Hempfling Wolfgang, Grunhage Frank, Dilger Karin, Reichel Christoph, Beuers Ulrich, Sauerbruch Tilman
Department of Medicine II, Klinikum Grosshadern, University of Munich, Munich, Germany.
Hepatology. 2003 Jul;38(1):196-202. doi: 10.1053/jhep.2003.50266.
Budesonide has been discussed as a potential treatment option in primary biliary cirrhosis (PBC). Therefore, we studied the pharmacokinetics and pharmacodynamics of budesonide in patients with PBC stage I/II and stage IV. Twelve patients with early PBC stage I/II and 7 patients with PBC stage IV under continuous treatment with ursodeoxycholic acid (UDCA) were enrolled in an exploratory trial. Each patient received oral budesonide for 3 weeks at weekly increasing dosages of 3 mg once to thrice per day. Budesonide and cortisol plasma levels, urinary cortisol excretion, serum liver tests, and immunoglobulins were determined on days 1, 7, and 21 of the study. Patients with PBC stage IV showed significantly higher peak plasma concentrations (4.9 +/- 3.5 vs. 1.5 +/- 0.4 ng/mL; P <.05) and areas under the plasma concentration-time curves (AUC) (23.2 +/- 16.8 vs. 5.1 +/- 1.4 hours. ng/mL, P <.01, total AUC extrapolated to infinity [AUC(0- infinity )]) after a single dose of 3 mg budesonide when compared with patients with PBC stage I/II. Equally, AUC of budesonide were significantly increased under a multiple dose regimen on day 21 (14.0 +/- 11.6 vs. 5.0 +/- 1.9 hours. ng/mL, P <.01, AUC at steady state from dosing time to 8 hours [AUC(ss,0-8 h)]).

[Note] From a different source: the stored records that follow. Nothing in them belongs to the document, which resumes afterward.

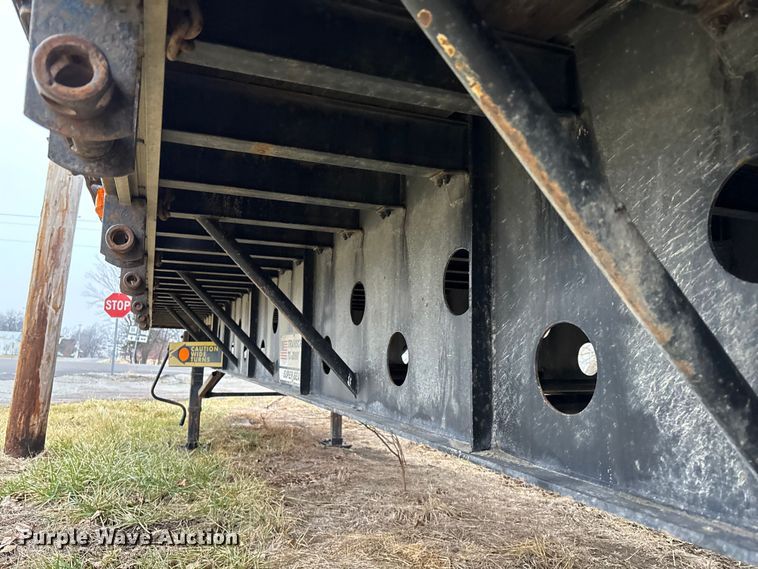 image for item FG1745 2006 Transcraft TL2000-H flatbed trailer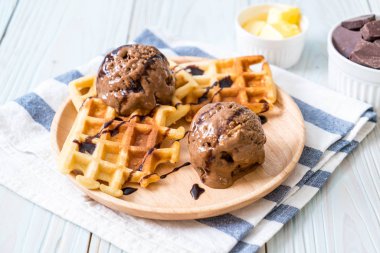 Çikolatalı dondurma waffle ve çikolata sosu ile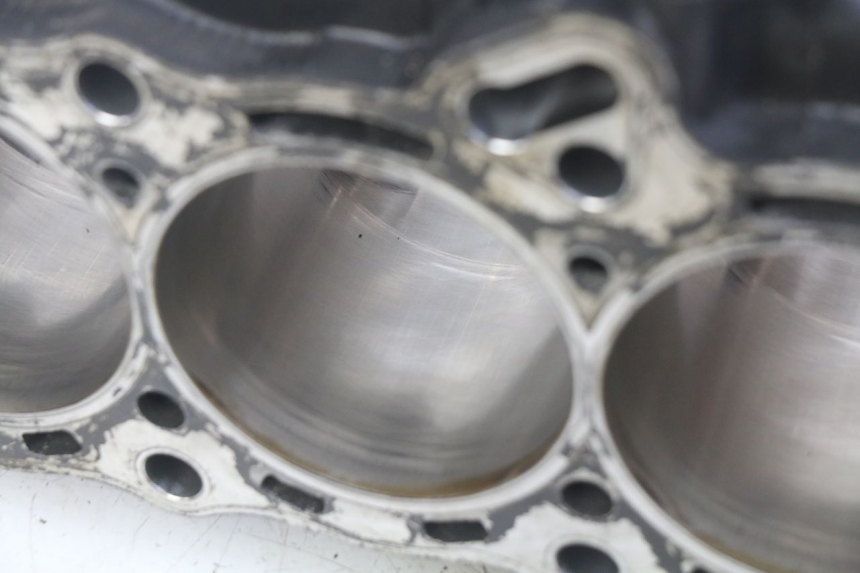 photo de CILINDRO PISTONE YAMAHA YZF R1 1000 (2007 - 2008) - Focus sulla struttura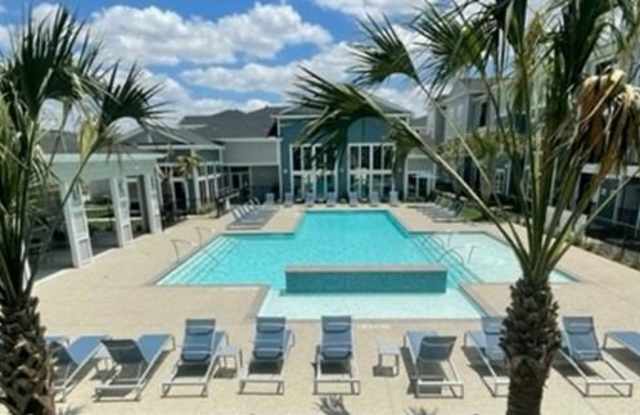 Photo of Lively at Cypress Creek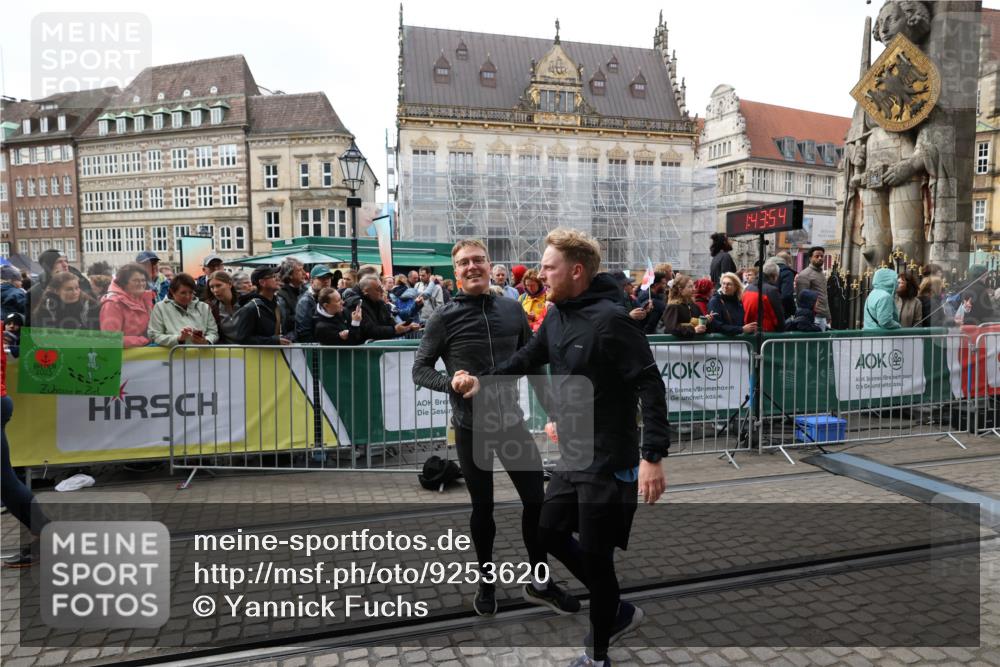 05.10.2025 - 20. swb-Marathon Bremen Yannick Fuchs http://msf.ph/oto/9253620 05.10.2025 11:14:44 Ziel 9861, 9970, 10292, 10722, 11072, 11139, 11473 meine-sportfotos.de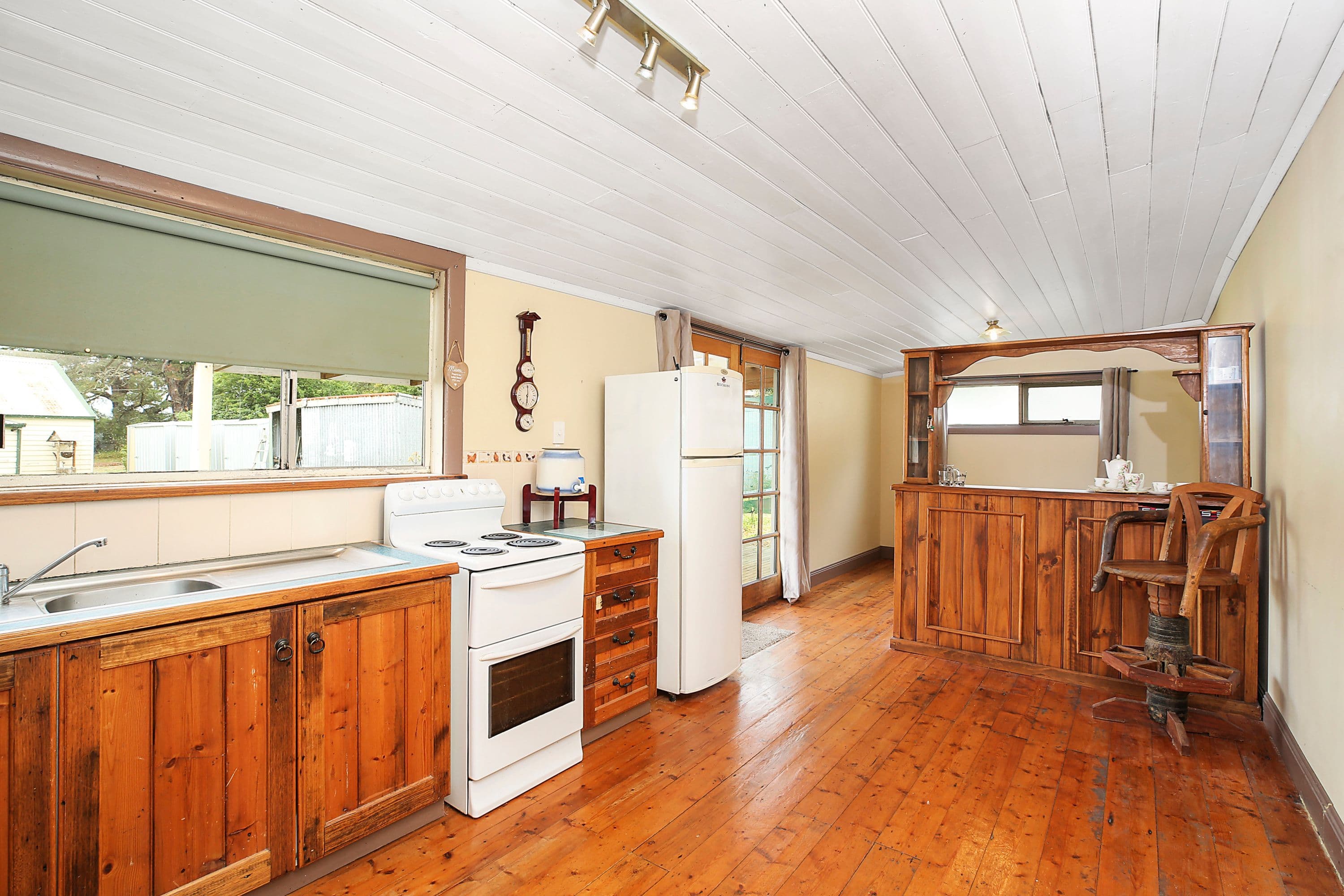 1429 Hamilton Highway, Hexham VIC 3273, Hexham - Thumbnail 3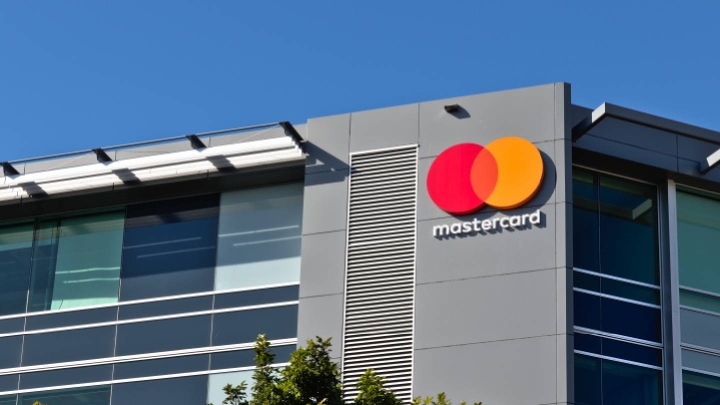 Mastercard отмечает рост чистой прибыли на 20% в III квартале 2025 года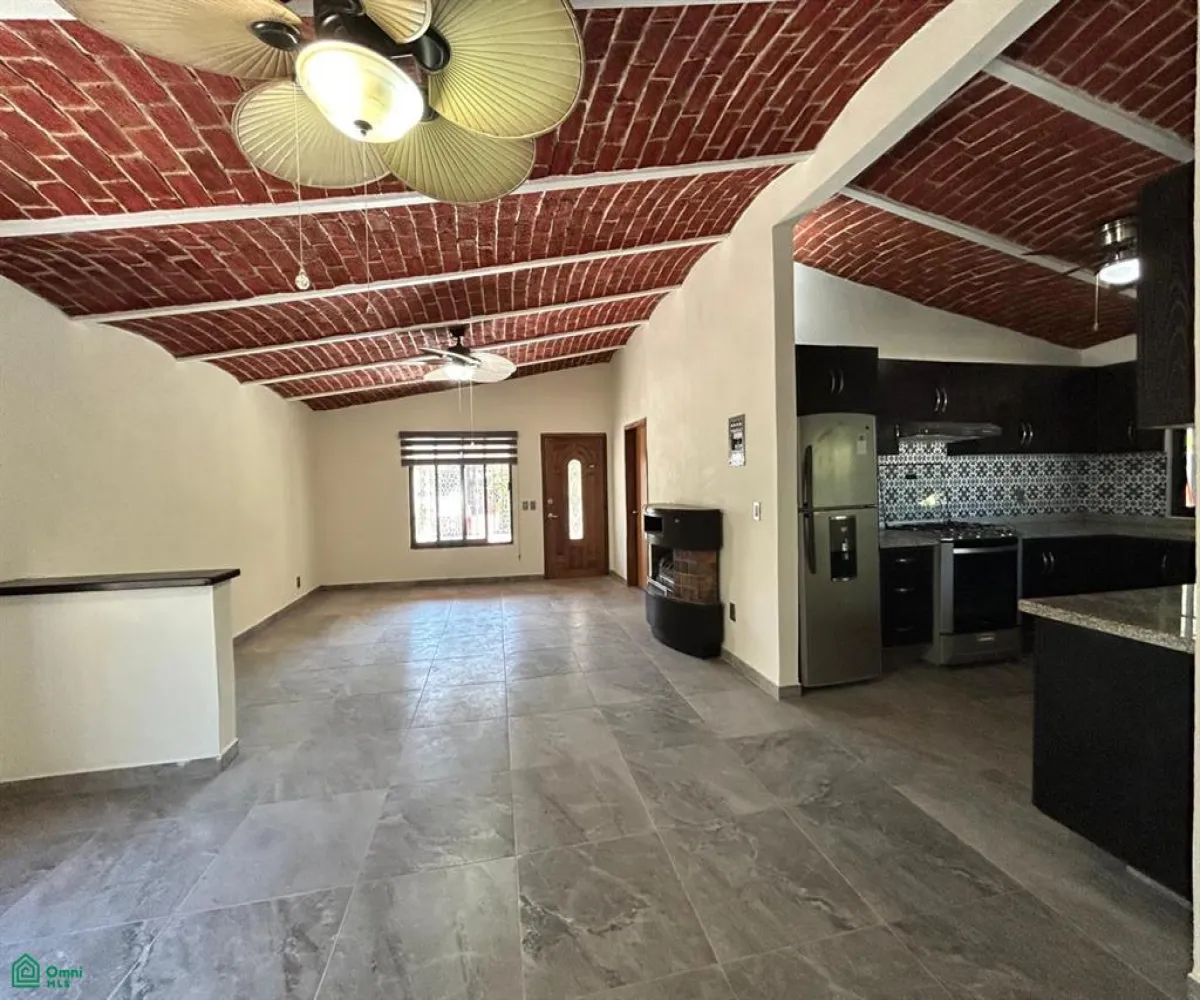 Casa En Venta,Chapala Haciendas,Priv. David Santos 86, Chapala, Jalisco 45900, 2 Habitaciones,2 Baños,Priv. David Santos,MX26007048M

Higher levels of budesonide were related to a significant decrease in plasma cortisol and reduction of urinary cortisol excretion in patients with stage IV disease. Two patients with stage IV disease developed portal vein thrombosis (PVT). In conclusion, administration of budesonide leads to markedly elevated plasma levels in cirrhotic patients with PBC associated with serious adverse drug reactions. Thus, further evaluation of combined treatment with UDCA may be considered in early-stage PBC but not in cirrhotic patients with PBC.
布地奈德已被探讨作为原发性胆汁性肝硬化(PBC)的一种潜在治疗选择。因此,我们研究了布地奈德在I/II期和IV期PBC患者中的药代动力学和药效学。12例I/II期早期PBC患者和7例接受熊去氧胆酸(UDCA)持续治疗的IV期PBC患者参加了一项探索性试验。每位患者口服布地奈德3周,每周剂量递增,每天1次至3次,每次3mg。在研究的第1天、第7天和第21天测定布地奈德和皮质醇血浆水平、尿皮质醇排泄、血清肝功能检查和免疫球蛋白。与I/II期PBC患者相比,IV期PBC患者在单次服用3mg布地奈德后,血浆峰值浓度(4.9±3.5对1.5±0.4ng/mL;P<0.05)和血浆浓度-时间曲线下面积(AUC)(23.2±16.8对5.1±1.4小时·ng/mL,P<0.01,外推至无穷大的总AUC[AUC(0-∞)])显著更高。同样,在第21天的多剂量方案下,布地奈德的AUC显著增加(14.0±11.6对5.0±1.9小时·ng/mL,P<0.01,给药时间至8小时的稳态AUC[AUC(ss,0-8h)])。较高水平的布地奈德与IV期疾病患者血浆皮质醇显著降低和尿皮质醇排泄减少有关。2例IV期疾病患者发生门静脉血栓形成(PVT)。总之,布地奈德给药导致PBC肝硬化患者血浆水平显著升高,并伴有严重的药物不良反应。因此,对于早期PBC患者可考虑进一步评估UDCA联合治疗,但对于PBC肝硬化患者则不适用。